What you have to do.
Return each line exactly, from the one that has "Μετέφεραν με Ι.Χ." through the end of the entries, both ends included. Pictures do not belong.
-------- Extracted information --------
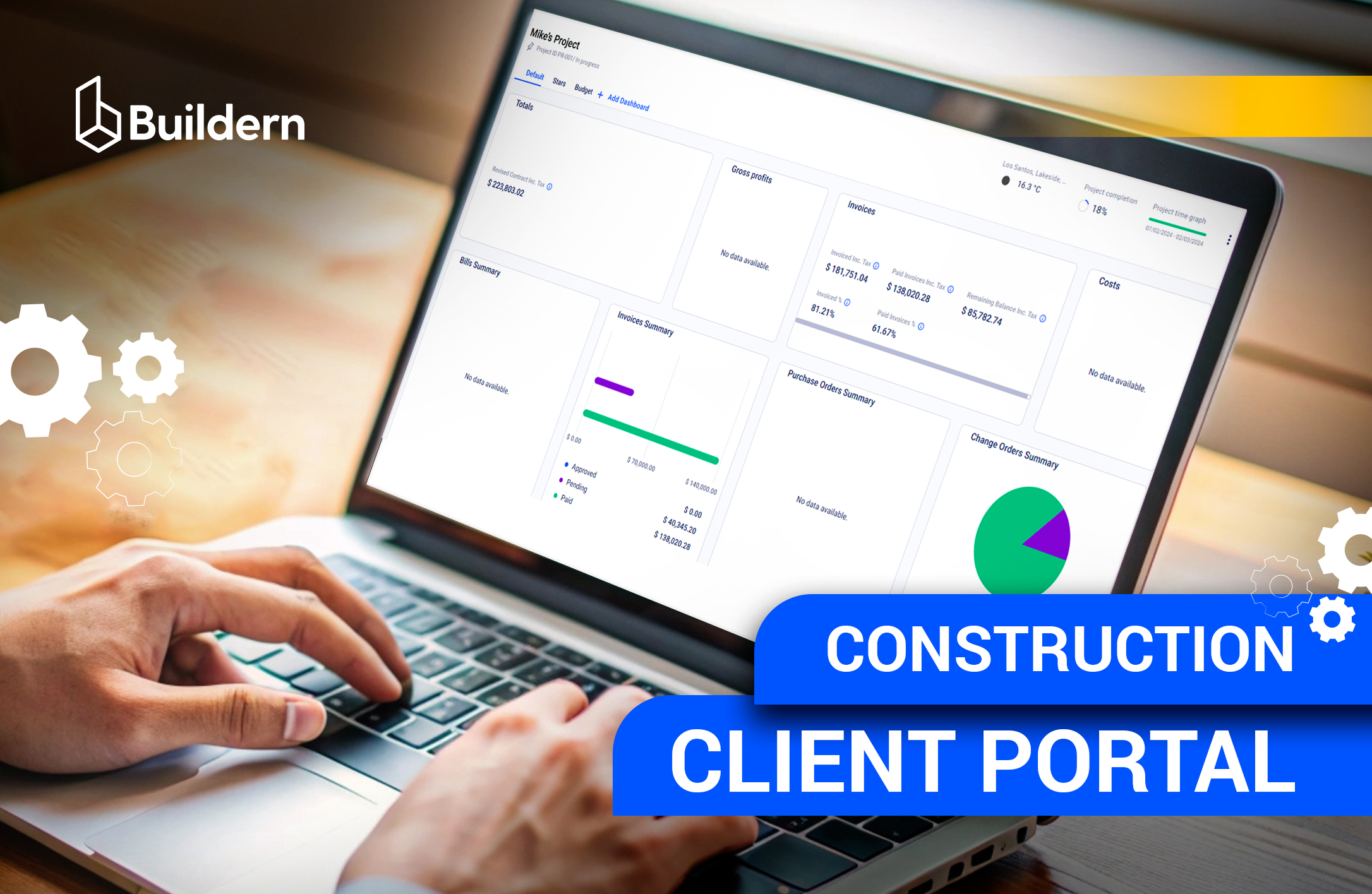 Construction Client Portal: Improving Transparency and Client Trust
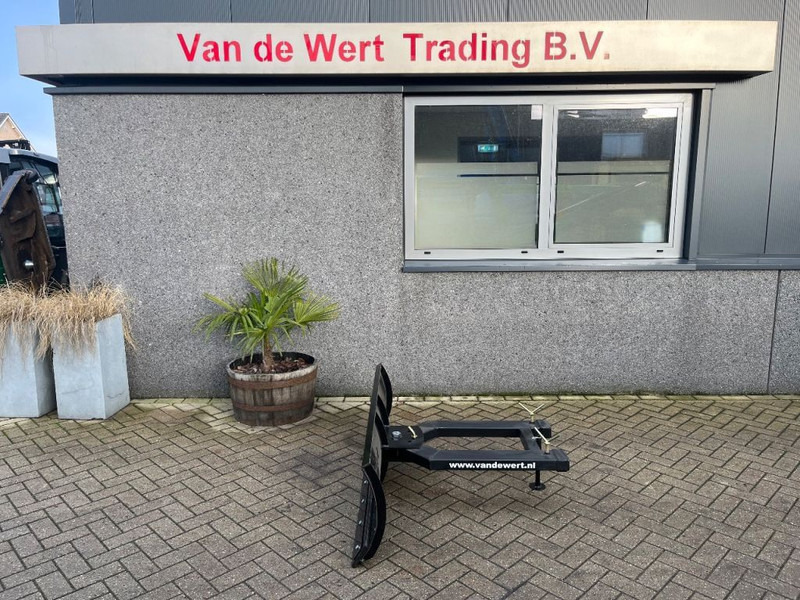 Utilaje constructii Wertcon VERSTELBARE SNEEUWSCHUIF heftruck loader shovel 150cm: Foto 16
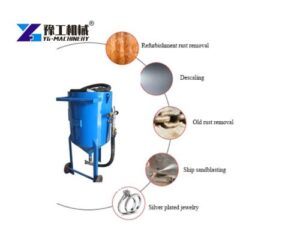 water sandblasting equipment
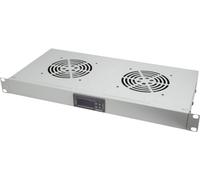 LogiLink FAU02FG 19 pouces 2 x Ventilateur gris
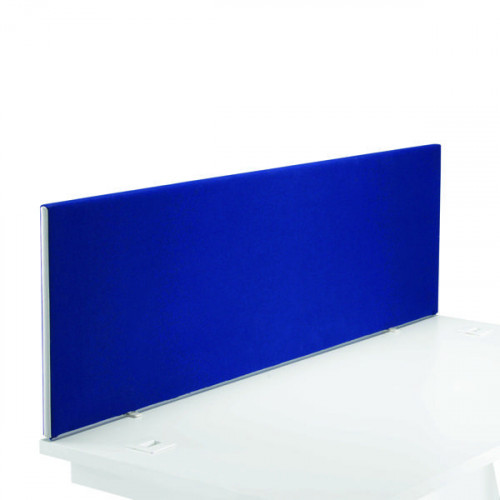 FIRST DESK MTD SCREEN 1600X400 BLUE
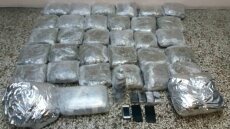 Μετέφεραν με Ι.Χ. 46 κιλά χασίς κάθε είδους στην Κοζάνη!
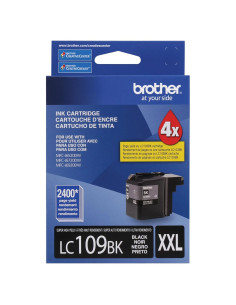 Cartucho de tinta Brother LC109BK Negro de alta capacidad
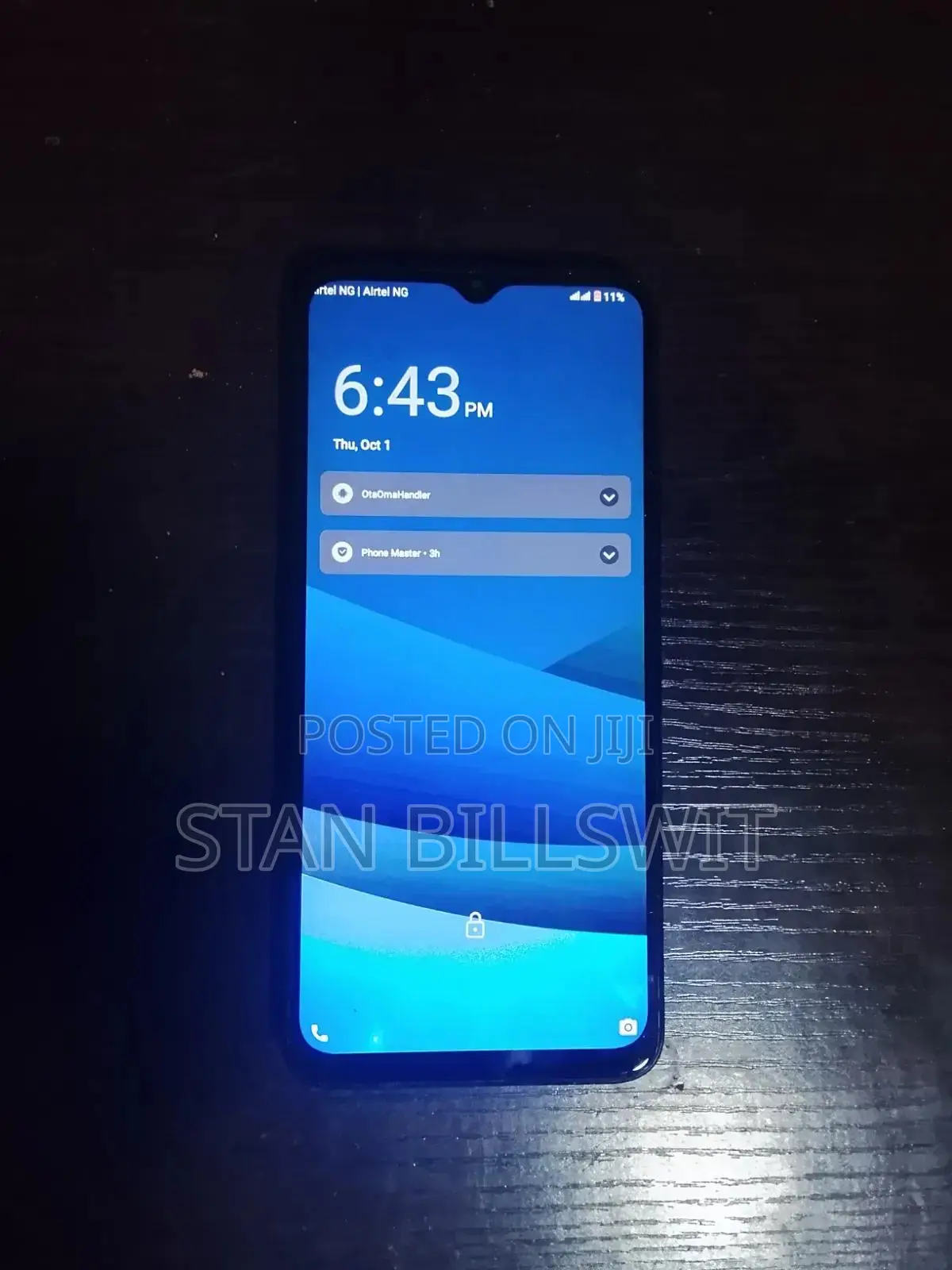 Itel A60 32 GB Blue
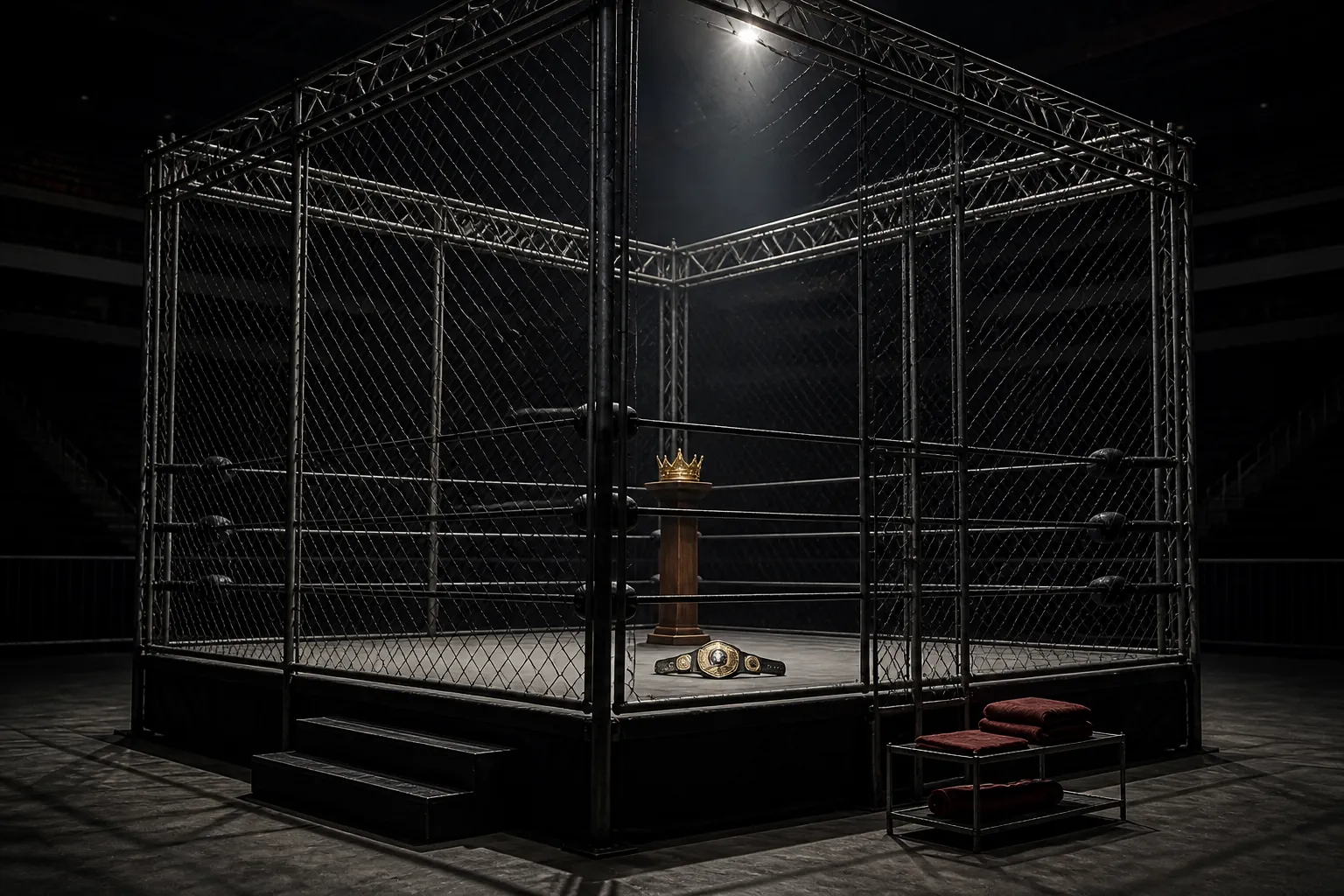 WWE Night of Champions 2026 Poster Updated After Rhea Ripley Injury, Card Features King & Queen Finals, Steel Cage Match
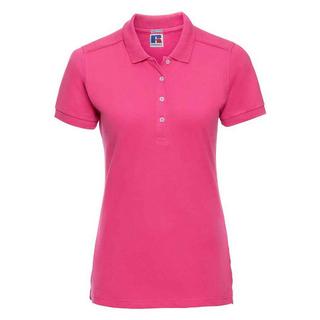 Russell Stretch Poloshirt  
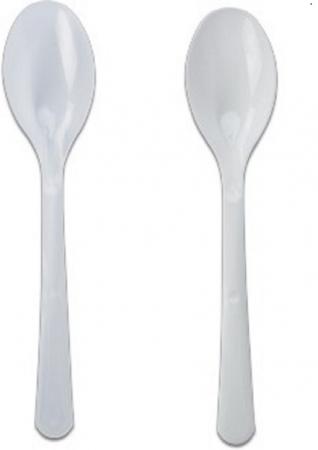 일회용 숟가락(흰색_100P_개별포장)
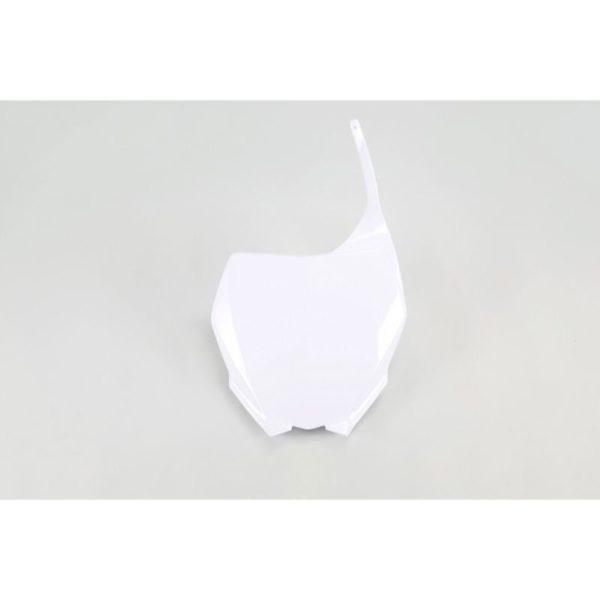 Portanúmeros delantero UFO Yamaha blanco YA03880-046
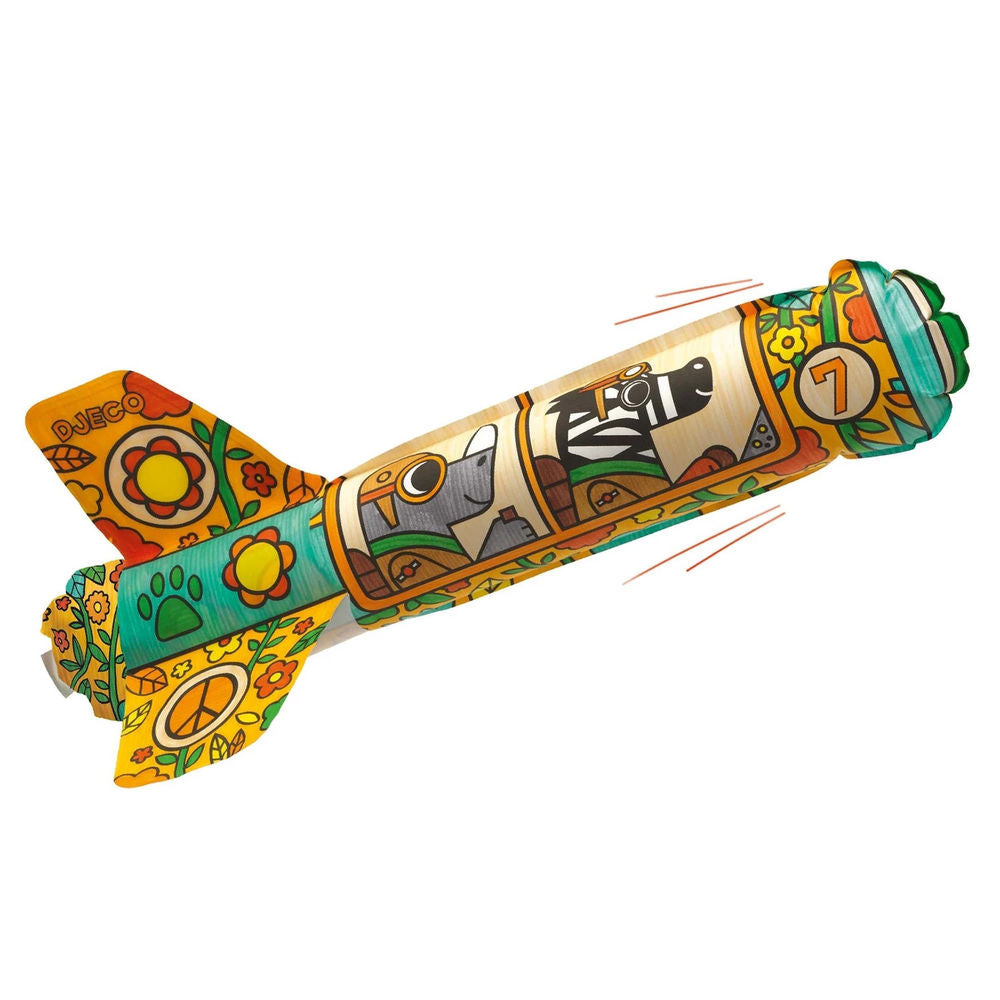 Djeco DIY - avions à colorier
--------
Exercise result.
 Μετέφεραν με Ι.Χ. 46 κιλά χασίς κάθε είδους στην Κοζάνη!
 Cartucho de tinta Brother LC109BK Negro de alta capacidad
 Itel A60 32 GB Blue
 WWE Night of Champions 2026 Poster Updated After Rhea Ripley Injury, Card Features King & Queen Finals, Steel Cage Match
 Russell Stretch Poloshirt  
 일회용 숟가락(흰색_100P_개별포장)
 Portanúmeros delantero UFO Yamaha blanco YA03880-046
 Djeco DIY - avions à colorier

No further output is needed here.